Download ComboFix from one of the following locations:
Link 1
Link 2
 
VERY IMPORTANT !!! Save ComboFix.exe to your Desktop
 
* IMPORTANT - Disable your AntiVirus and AntiSpyware applications, usually via a right click on the System Tray icon. They may otherwise interfere with our tools. If you have difficulty properly disabling your protective programs, refer to this link here

• Double click on ComboFix.exe & follow the prompts.
  
• Accept the disclaimer and allow to update if it asks

• When finished, it shall produce a log for you.
• Please include the C:\ComboFix.txt in your next reply.[/b]
  

Notes:
1. Do not mouse-click Combofix's window while it is running. That may cause it to stall.
2. Do not "re-run" Combofix. If you have a problem, reply back for further instructions.
3.  If after the reboot you get errors about programmes being marked for deletion then reboot, that will cure it.

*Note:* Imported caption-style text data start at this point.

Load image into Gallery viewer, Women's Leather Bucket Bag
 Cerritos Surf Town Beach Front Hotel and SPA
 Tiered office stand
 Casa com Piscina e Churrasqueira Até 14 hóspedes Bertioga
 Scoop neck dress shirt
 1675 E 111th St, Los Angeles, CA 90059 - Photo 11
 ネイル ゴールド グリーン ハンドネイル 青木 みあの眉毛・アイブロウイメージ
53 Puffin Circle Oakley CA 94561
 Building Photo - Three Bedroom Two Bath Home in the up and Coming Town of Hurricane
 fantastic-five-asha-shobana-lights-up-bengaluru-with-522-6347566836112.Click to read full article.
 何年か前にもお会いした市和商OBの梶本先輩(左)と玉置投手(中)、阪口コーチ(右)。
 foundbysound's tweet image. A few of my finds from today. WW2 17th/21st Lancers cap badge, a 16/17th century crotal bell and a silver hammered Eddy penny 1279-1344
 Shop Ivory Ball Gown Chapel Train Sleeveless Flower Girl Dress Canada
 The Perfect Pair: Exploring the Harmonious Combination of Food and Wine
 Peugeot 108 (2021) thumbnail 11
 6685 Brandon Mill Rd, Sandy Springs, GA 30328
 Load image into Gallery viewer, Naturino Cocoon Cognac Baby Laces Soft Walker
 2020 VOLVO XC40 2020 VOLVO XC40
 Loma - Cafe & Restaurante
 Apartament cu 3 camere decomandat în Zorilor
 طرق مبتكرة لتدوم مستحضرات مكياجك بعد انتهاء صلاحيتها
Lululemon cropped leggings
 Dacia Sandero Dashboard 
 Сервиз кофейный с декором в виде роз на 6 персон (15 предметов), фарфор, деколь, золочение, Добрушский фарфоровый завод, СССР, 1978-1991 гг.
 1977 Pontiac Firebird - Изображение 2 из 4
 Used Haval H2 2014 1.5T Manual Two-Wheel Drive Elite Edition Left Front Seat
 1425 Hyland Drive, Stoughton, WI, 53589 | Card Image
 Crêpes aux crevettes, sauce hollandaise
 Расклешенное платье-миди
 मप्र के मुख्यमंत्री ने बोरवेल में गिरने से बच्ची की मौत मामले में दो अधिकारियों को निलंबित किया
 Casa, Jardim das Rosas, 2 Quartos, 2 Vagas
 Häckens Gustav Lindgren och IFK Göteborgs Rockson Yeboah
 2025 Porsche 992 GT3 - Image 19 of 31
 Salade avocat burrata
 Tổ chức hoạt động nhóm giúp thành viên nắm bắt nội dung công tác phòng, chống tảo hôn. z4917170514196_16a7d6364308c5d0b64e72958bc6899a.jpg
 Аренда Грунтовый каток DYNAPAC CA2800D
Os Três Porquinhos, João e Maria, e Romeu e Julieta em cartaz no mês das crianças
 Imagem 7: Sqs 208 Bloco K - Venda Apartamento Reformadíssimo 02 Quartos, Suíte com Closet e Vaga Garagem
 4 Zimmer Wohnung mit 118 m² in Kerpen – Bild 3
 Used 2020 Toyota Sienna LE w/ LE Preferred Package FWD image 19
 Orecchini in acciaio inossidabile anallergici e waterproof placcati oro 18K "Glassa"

Please make sure you include the combo fix log in your next reply as well as describe how your computer is running now

[maniacu_mnc]

After instaling SAS on a prtable stick. I did a quick scan an this is the log i got.

Hope this will solve my problem's

[essexboy]

All SAS has done is remove some cookies..  Did you run combofix ?

[maniacu_mnc]

Nop I didn't try combofix.
I'm still waiting for other solutions.
I'm not really comfortable with disabling my avast will beeing infected with this malware.

Are you sure it's safe to disable my anti-virus?